Fannie Lou Hamer

Item

Fannie Lou Hamer at the 1964 Democratic National Convention, Atlantic City, New Jersey

Title

Fannie Lou Hamer

Description

Fannie Lou Hamer, was someone who struggled with discrimination at the intersection of rural poverty, homelessness, blackness, womanhood, reproductive injustice and disability. She suffered from polio as a child. As a young woman, she was given a hysterectomy without her consent. In the course of her work on voter registration, she and her companions were attacked and illegally jailed by Mississippi police. Fannie Lou was beaten so badly when she was in custody that she almost completely lost her sight in one eye.

Fannie Lou Hamer appreciated the emancipatory potential of landownership. In 1967 she founded the Freedom Farm Cooperative in rural Mississippi. FFC owned and operated 680 acres of land at its outset. Membership was open to persons of all races, although the co-operative was formed as a response to white landowners weaponizing hunger and homelessness to retaliate against African Americans who sought to exercise voting rights.

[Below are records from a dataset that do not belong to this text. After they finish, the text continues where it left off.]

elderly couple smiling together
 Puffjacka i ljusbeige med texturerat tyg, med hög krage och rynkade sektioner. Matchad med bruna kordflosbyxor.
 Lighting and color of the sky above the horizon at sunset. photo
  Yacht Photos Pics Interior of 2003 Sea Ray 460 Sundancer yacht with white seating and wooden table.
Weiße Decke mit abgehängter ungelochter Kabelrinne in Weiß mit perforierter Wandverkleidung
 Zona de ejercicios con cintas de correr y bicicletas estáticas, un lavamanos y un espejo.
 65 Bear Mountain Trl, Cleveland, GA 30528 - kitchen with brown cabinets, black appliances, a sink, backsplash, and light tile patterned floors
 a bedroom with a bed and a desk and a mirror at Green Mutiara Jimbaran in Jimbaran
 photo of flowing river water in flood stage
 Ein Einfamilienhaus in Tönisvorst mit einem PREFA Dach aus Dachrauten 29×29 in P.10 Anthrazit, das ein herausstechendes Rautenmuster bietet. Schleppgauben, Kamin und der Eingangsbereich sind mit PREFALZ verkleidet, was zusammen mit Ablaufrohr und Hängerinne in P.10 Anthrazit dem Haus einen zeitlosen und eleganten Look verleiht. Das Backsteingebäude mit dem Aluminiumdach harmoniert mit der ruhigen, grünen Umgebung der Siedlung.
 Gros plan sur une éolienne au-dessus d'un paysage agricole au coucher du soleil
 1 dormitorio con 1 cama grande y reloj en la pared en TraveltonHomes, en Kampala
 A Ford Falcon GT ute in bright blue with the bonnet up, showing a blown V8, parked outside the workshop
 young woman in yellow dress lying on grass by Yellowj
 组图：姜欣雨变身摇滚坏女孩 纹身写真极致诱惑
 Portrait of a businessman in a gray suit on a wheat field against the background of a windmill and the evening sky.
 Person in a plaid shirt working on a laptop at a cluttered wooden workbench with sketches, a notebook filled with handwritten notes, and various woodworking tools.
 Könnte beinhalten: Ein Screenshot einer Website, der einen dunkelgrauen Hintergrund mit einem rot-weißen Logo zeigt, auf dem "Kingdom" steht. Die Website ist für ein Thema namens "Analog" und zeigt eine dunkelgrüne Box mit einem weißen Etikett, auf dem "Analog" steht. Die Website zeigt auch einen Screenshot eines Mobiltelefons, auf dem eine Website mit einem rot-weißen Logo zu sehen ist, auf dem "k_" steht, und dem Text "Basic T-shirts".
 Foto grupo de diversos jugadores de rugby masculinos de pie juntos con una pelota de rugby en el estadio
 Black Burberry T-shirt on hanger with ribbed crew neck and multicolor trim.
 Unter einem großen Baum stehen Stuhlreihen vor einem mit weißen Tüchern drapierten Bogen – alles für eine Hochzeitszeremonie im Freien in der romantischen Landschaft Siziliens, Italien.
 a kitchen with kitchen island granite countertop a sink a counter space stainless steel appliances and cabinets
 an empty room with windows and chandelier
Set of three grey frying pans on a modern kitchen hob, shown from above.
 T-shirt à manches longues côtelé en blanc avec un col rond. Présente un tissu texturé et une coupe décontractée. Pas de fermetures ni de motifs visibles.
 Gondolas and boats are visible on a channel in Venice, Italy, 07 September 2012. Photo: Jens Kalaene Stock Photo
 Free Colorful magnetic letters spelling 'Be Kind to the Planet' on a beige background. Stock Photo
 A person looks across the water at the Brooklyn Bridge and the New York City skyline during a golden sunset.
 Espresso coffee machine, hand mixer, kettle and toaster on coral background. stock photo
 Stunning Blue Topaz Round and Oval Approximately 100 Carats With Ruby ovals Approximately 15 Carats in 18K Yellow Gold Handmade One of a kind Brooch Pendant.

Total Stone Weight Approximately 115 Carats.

Fannie Lou Hamer's quote “As long as I have a pig and a garden, no one can tell me what to do” exemplifies the connection of land and freedom. The FFC and its members operated a pig bank, grew a wide variety of crops, operated schools, constructed homes through communal effort, provided advice to would be homeowners, and even provided disaster relief.

Although the FFC only operated from 1967 to 1974 when a combination of droughts, flood, Hamer’s illness and a nationwide economic downturn caused FFC to have to sell its land to pay taxes, FFC helped and supported countless families to achieve a measure of self-sufficiency during its existence.